Records provided:

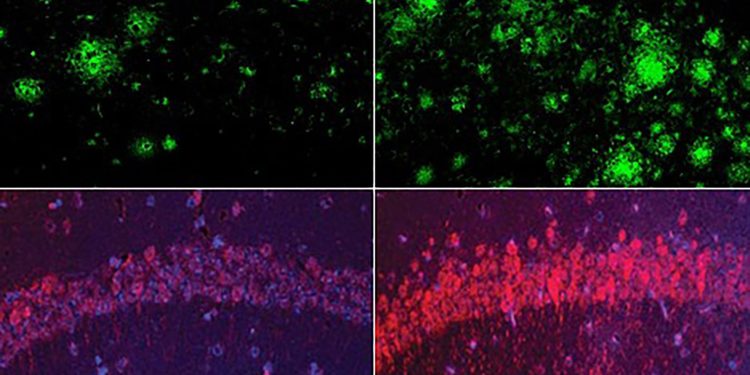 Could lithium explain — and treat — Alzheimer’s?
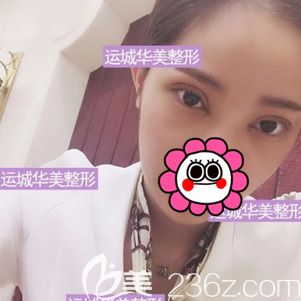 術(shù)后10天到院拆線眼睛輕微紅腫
...
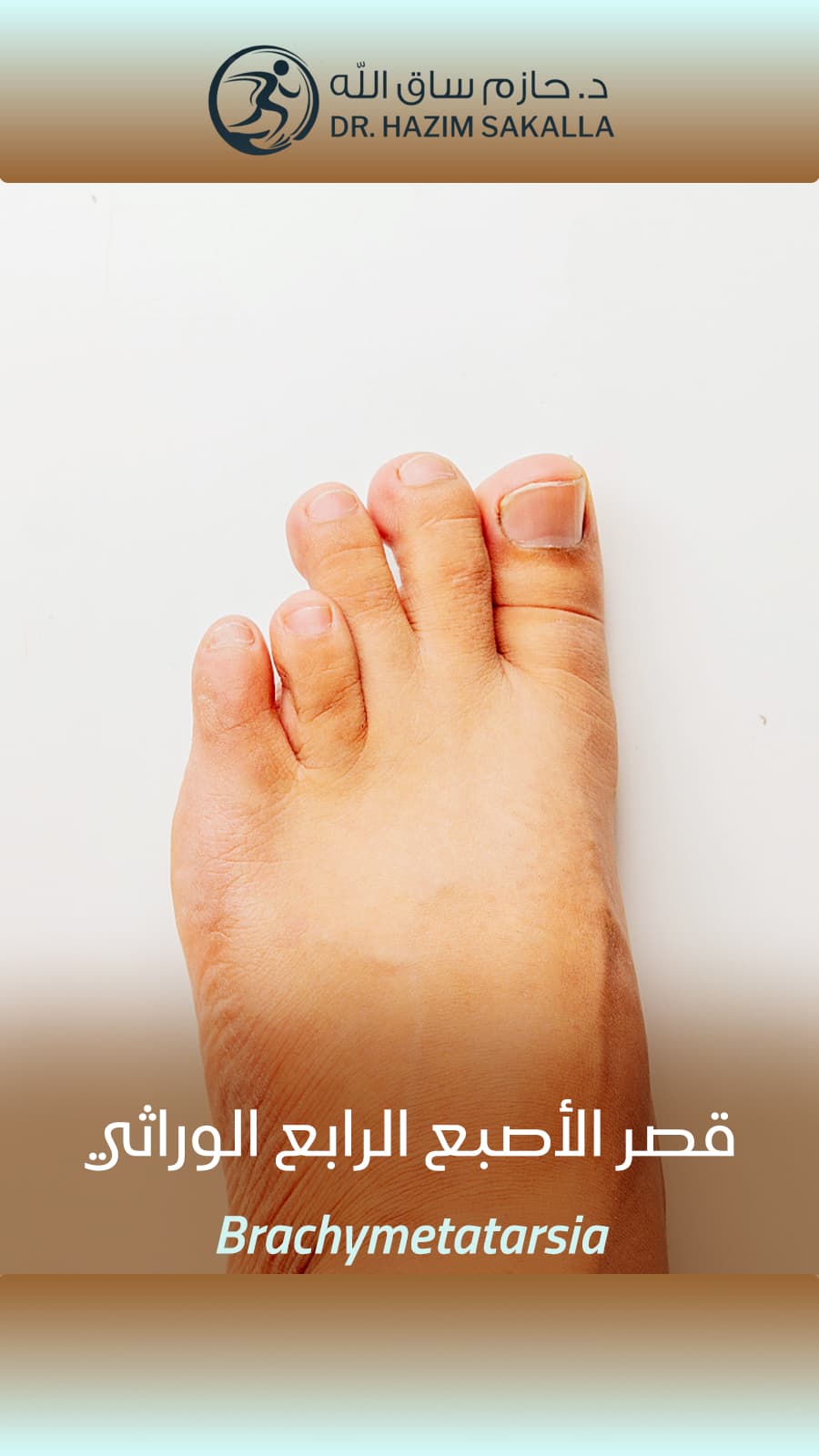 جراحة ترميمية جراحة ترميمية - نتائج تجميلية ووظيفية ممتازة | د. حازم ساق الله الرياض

Exercise: Using the data above, give again exactly the lines starting at the one holding "Could lithium explain" and ending at the one holding "術(shù)后10天到院拆線眼睛輕微紅腫", inclusive, and nothing more. Omit the pictures.

Exercise solution:
 Could lithium explain — and treat — Alzheimer’s?
 術(shù)后10天到院拆線眼睛輕微紅腫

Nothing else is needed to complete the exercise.